Я помыл чашки и ложки холодной водой, тщательно их вытер и положил на место в буфет. Мать строго за этим следила, по ее мнению, небрежность, слабоволие были грязной чертой бедняков. А мы, хотя и были почти что бедные, обладали достоинством, и нам надо было оставаться такими, бедными и достойными. Если ей верить, это было единственной надеждой на перемены в судьбе. «Достоинство надо сохранять даже в голом виде», – сказала она, увидев, как сестра полуголая ходила по дому. Но я был не просто бедным: я был еще и уродом и чувствовал, что уродство было связано с достоинством и социальным положением.
Сестра велела мне надеть то, что она называла пелериной, но было на самом деле плохеньким демисезонным пальтишком, перекроенным из габардинового костюма отца. А сама взяла один из стоявших рядом с дверью посохов для прогулок, вырезанных из веток граба.

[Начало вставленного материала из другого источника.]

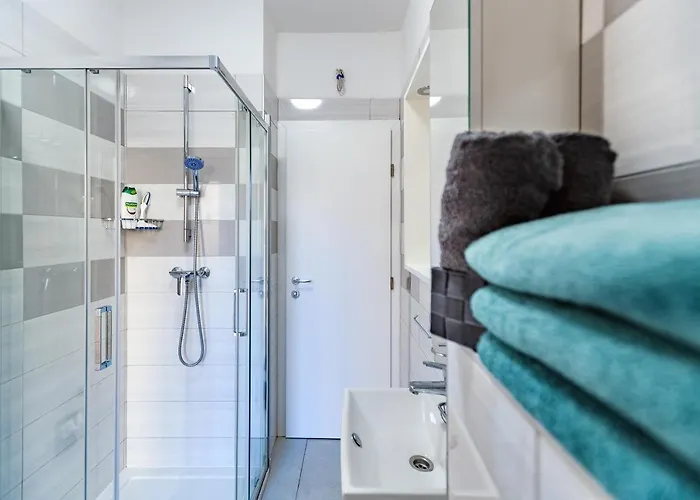 Modern Old Town - * Ζαντάρ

Элиана всегда гуляла с таким посохом из опасения, как она объясняла, встретить змею. Но в тот день она призналась мне, словно это признание имело отношение к моему открытию, что палку она брала на случай встречи с нехорошими людьми, которые могли попасться девушке на глухих тропах. Да, есть такие мужчины, уточнила она, поднеся ладонь к горлу, давая понять, что уже имела такую встречу (я понял это спустя несколько лет, когда стал лицеистом в Юсселе и когда мы жили с ней вдвоем) и именно по этой причине сторонилась мужчин. Я не посмел ее об этом расспрашивать, во-первых, потому, что она была моей сестрой, девушкой прямой, непримиримой и гордой, которая почти воспитала меня. Во-вторых, потому, что я тогда был не в состоянии воспринимать ее как женщину – кстати, даже сегодня я не могу этого сделать – и смотрел на нее так, словно у нее не было лица или ее лицо унесено временем и ночью, и невозможно сказать, было ли оно красивым или уродливым, старым или молодым.